The next step, says Schawinski, has not yet been automated: "I have to come in as a human and say," Okay, what kind of physics can explain this effect? "" For the process in question, there are two plausible explanations: Perhaps galaxies grow in high density environments because they contain more dust, or they may be scared because of a reduction in star formation (in other words, their stars tend to be older). With a generative model, both ideas can be tested: Elements in latent space related to dustiness and star formation rates change to see how this affects the color of the galaxies. "And the answer is clear," Schawinski said. Saving galaxies are "where the star formation had fallen, not those where the dust changed. So we should benefit that explanation."

Using generative modeling, astrophysicists could investigate how the galaxies change as they move from low density regions of the cosmos to high density regions and which physical processes who are responsible for these changes. [19659015] The approach is related to traditional simulation, but with critical differences. A simulation is "mainly assumed driven", said Schawinski. "The approach is to say," I think I know which underlying physical laws give rise to everything I see in the system. "So I have a recipe for star formation, I have a recipe for how dark matter behaves, and so on. I put all my hypotheses in there, and I let the simulation run. And then I ask: Does it look like reality?" What he did with generative modeling, he said, is "somehow exactly the opposite of a simulation. We know nothing; we don't want to assume anything. We want the data to tell us what can happen."

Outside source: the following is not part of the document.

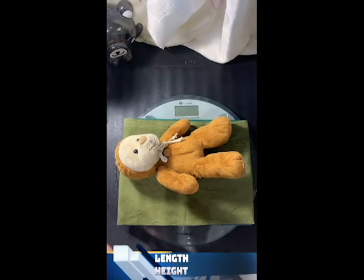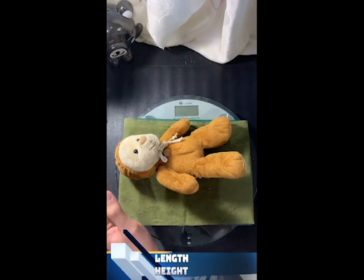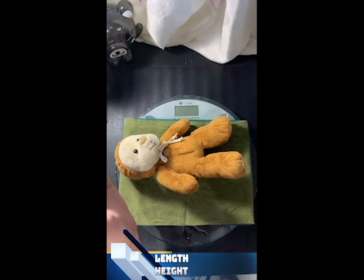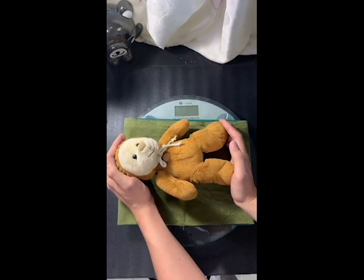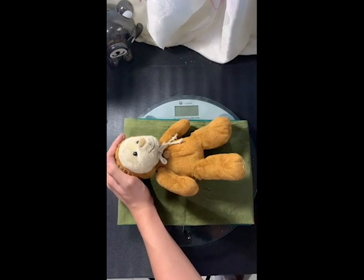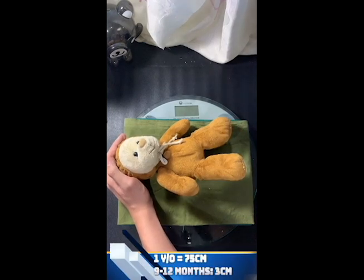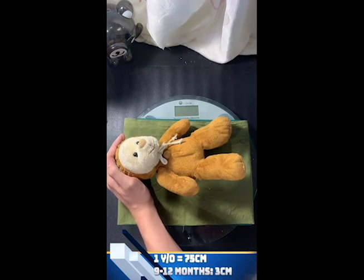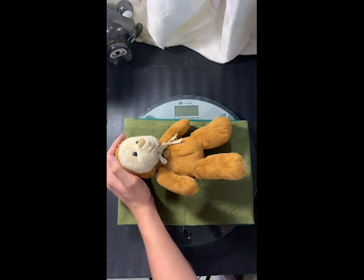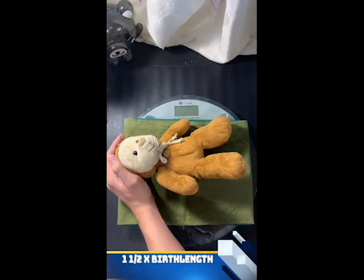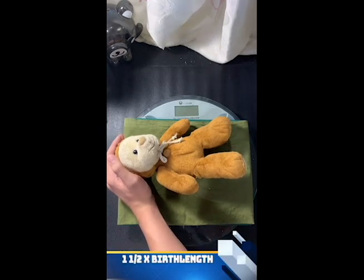For the length, using the infantometer for a one-year-old, which has a steady part on the head and the movable part on the foot. The usual length for a one-year-old is 75 centimeters, and the average length gain for 9 to 12 months is 3 centimeters. We could also use the calculation for height, which is 1½ times the birth length.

The obvious success of generative modeling in a study like this does not of course mean that astronomers and doctoral students have become redundant but it seems to represent a shift in the degree to which learning about astrophysical objects and processes can be achieved through an artificial system that has a little more at its electronic fingertips than a large database. "It's not entirely automated science, but it shows that we can mostly build the tools that make the science process automatic," says Schawinski.

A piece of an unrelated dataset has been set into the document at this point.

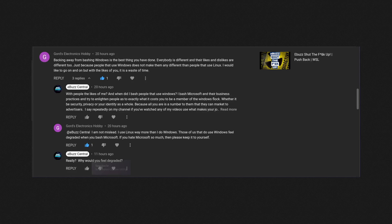And try to enlighten people as to exactly what it costs you to be a member of the Windows flock, whether it be security, privacy, or your identity as a whole. Because all you are is a number to them that they can market to advertisers. I say repeatedly on my channel, if you've watched any of my videos, use what makes your job easier.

Generative modeling is clearly powerful, but if it really represents a new scientific approach is open to debate. For David Hogg, a cosmologist at New York University and the Flatiron Institute (who, as Quanta funded by the Simons Foundation), the technology is impressive but ultimately only a very sophisticated way to extract patterns from data – As is what astronomers has been doing for centuries. In other words, it is an advanced form of observation plus analysis. Hoggs own work, like Schawinski, strongly leans on AI; He has used neural networks to classify stars according to their spectra and to base on other physical attributes of stars using computer-controlled models. But he sees his work, like Schawinski, as a tried and true truth. "I don't think it's a third way," he said recently. "I just think that we as a society will be much more sophisticated about how we use data. In particular, we will be much better when we compare data to data. But in my opinion, my work is still entirely in the observation mode."

Hardworking Assistants

Whether they are conceptual or not, it is evident that AI and neural networks have come to play an important role in modern astronomy and physics research. At Heidelberg's Institute for Theoretical Studies, physicist Kai Polsterer leads the astroinformatics group – a team of researchers who focus on new data-centered methods for astrophysics. Recently, they have used a machine learning algorithm to extract redshift information from galaxy data accessories, a previous difficult task.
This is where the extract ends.